L'actu de Montpellier

le 04 décembre 2013

Montpellier, le grand pardon à La Mosson

Leur coach, Jean Fernandez, mis sur la sellette par Nicollin, les joueurs se disent prêts à 200 % pour dissiper le malaise.

Les flingues sont encore fumants. Du moins celui de Louis Nicollin. Mais le calme et une forme d’union sacrée semblent revenus sur la plaine de Grammont. Après avoir tiré samedi dans le dos de son coach, sans intention de l’abattre, le boss s’est expliqué avec lui, lundi, autour d’une bonne table et de bons mots comme on sait si bien les mitonner à Montpellier. C’est pagnolesque, excessif à souhait et une méthode certainement éculée de la carotte et du bâton. Avec les méchants médias dans le rôle des porteurs de bâtons pour préparer le terrain et l’opinion, au cas où…

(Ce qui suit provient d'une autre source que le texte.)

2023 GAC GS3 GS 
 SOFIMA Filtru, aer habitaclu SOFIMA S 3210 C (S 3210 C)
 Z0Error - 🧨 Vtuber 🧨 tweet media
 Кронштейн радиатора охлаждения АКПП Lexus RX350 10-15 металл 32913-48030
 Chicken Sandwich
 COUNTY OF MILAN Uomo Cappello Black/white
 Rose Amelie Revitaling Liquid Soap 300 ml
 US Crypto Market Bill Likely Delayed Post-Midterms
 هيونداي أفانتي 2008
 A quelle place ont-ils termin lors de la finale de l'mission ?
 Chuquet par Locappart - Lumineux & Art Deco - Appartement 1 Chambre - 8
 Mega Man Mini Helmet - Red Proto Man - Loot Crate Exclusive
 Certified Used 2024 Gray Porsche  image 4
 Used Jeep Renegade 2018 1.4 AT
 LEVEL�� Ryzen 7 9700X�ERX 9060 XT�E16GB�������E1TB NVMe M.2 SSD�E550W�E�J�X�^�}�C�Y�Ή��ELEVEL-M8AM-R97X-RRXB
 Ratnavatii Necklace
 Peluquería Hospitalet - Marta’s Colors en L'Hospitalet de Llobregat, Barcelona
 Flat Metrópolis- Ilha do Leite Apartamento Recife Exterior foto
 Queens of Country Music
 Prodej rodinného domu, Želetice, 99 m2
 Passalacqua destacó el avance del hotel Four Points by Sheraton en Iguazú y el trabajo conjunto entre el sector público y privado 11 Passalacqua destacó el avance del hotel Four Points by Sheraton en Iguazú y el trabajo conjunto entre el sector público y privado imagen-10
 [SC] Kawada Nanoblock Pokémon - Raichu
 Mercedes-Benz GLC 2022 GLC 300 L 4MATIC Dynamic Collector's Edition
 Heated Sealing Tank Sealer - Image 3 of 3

Crucial, décisif, sulfureux, à haut risque ? 

Entre Loulou “la mitraille” et Jeannot le tacticien, subsiste donc une paix des braves qui n’aurait, en fait, jamais été rompue. « Il m’a exposé ses reproches, je lui ai donné des explications. J’accepte les critiques, surtout venant de mon président car elles ont souvent un fond de vérité. Je suis dans la réflexion, un pro. J’écoute pour avancer », assure Jean Fernandez à quelques heures de ce Montpellier – Lorient qu’on ne sait plus trop comment qualifier ? Crucial, décisif, sulfureux, à haut risque ? Déterminant à coup sûr, pour une équipe de Montpellier qui avance au rythme d’un relégable (15 points en 15 matches). Ses cinq points d’avance sur le trio de queue ne lui font sans doute pas sentir la morsure du feu. C’est pour ça, évidemment, que Loulou a allumé le lance-flammes après la cuisante défaite à Marseille, vendredi (2-0).

Du déjà vu

On avait perdu l’habitude de ces matchs au parfum capiteux de la peur, où le couperet balance au-dessus de la tête de l’entraîneur. Dieu sait, pourtant, si le club en a connus : un Montpellier – Nice fatal à Gérard Gili (1994) ; plus près de nous, en Ligue 2, un Montpellier – Châteauroux (2 007) qui scella la fin de l’ère de Domergue et l’arrivée du pompier Rolland Courbis, au bord du précipice du National. Même le “coach” vacilla, deux ans plus tard, au soir d’une défaite à domicile contre Lens (0-1) qui semblait enterrer les espoirs de montée en L1. Oui, on avait oublié ces retours de flamme de l’histoire au cours de quatre années Girard où le club a beaucoup plus gagné que perdu. Et qui se sont achevées par des fâcheries de riches autour d’une hypothétique prolongation.

Jean Fernandez reste serein

Jean Fernandez risque-t-il vraiment d’allonger la liste – assez longue – des coaches sacrifiés à La Paillade sur l’autel des résultats si Lorient confirme mercredi soir ses deux derniers cartons en Ligue 1 ? Louis Nicollin a assuré que non. Le coach sait qu’il travaille désormais sans filet et avec pour seul matelas en cas de chute, celui de cinq points sur le premier relégable. « Quand il n’y a pas de points, l’entraîneur est forcément menacé, a répondu mardi l’intéressé. Je ne suis pas dans la situation de penser que je serai remercié en cas de défaite. J’ai une grande confiance et un grand respect dans le président. » Quel visage affichera Montpellier mercredi soir ? Sur le plan tactique, l’intervention présidentielle va sans doute le tourner davantage vers l’offensive. Encore que le choix des hommes reste terriblement limité par les forfaits de Camara et Bakar. La grave blessure de ce dernier ramènera très vite sur le tapis la nécessité absolue de recruter au moins un attaquant au mercato.

Une révolution en marche ?

Mais c’est bien sur le terrain de l’état d’esprit et de l’engagement que Montpellier entend gagner mercredi soir. Homme fort du milieu et taulier du vestiaire, Benjamin Stambouli est venu planter le décor d’une révolution positive décrétée dans le vestiaire. Il a évoqué un message « qui est bien passé pour une remise en question de tous, y compris ceux qui jouent peu » et fait appel « aux vertus guerrières et pailladines si bien incarnées par Pascal Baills ». C’est comme ça à Montpellier. À chaque fois qu’on pique une crise, on se raccroche aux valeurs originelles, au passé riche et musclé. Et souvent, ça marche. Mercredi soir, ça fera mouche si les joueurs, eux, tirent à balles réelles.